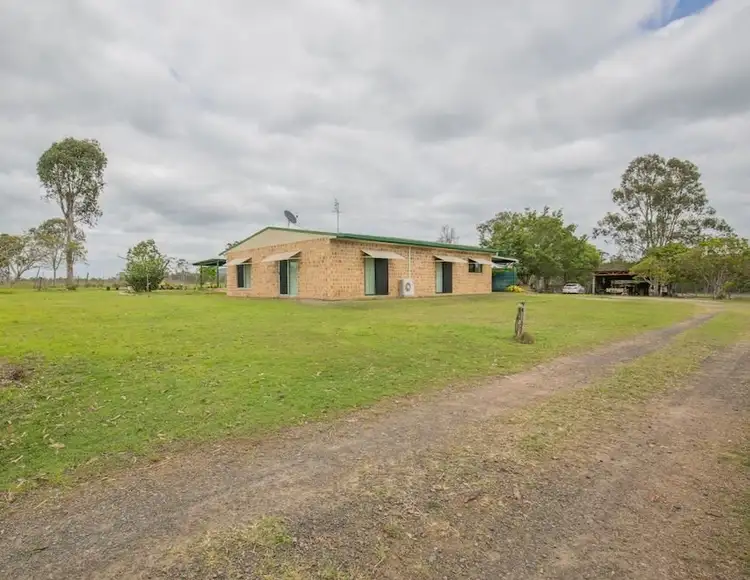 Fifth view of Homely house listing, 256 Watalgan Road, Watalgan QLD 4670
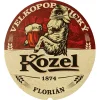 Kozel Florián / Red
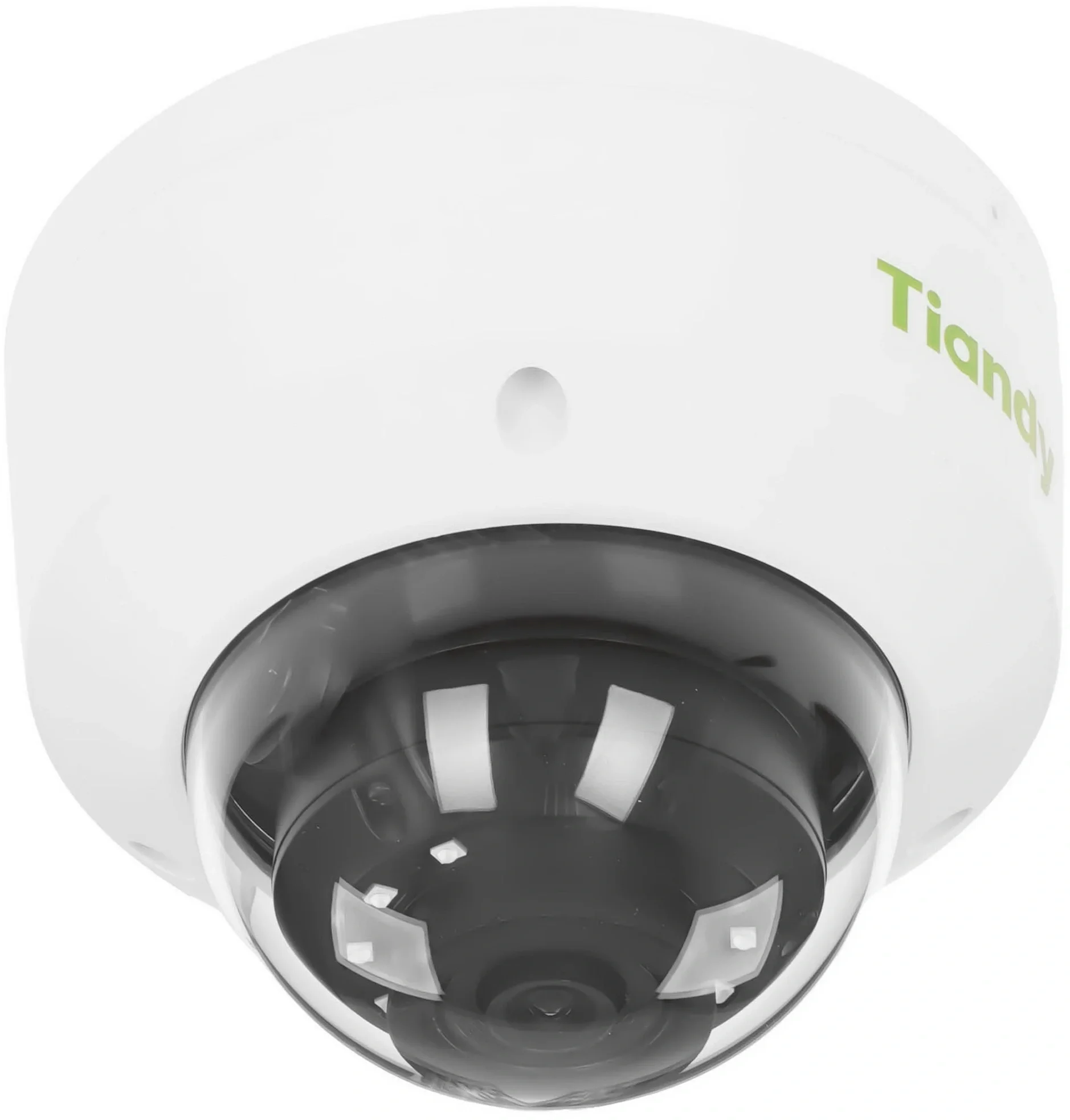 IP-камера Tiandy TC-C34KN I3/E/Y/C/2.8/V4.3, 4Мп, 2.8мм, ИК до 30м, IP66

WHAT THIS TASK INVOLVES :: Output the listing above in full, exactly. No images.

TASK ANSWER ::
 Fifth view of Homely house listing, 256 Watalgan Road, Watalgan QLD 4670
 Kozel Florián / Red
 IP-камера Tiandy TC-C34KN I3/E/Y/C/2.8/V4.3, 4Мп, 2.8мм, ИК до 30м, IP66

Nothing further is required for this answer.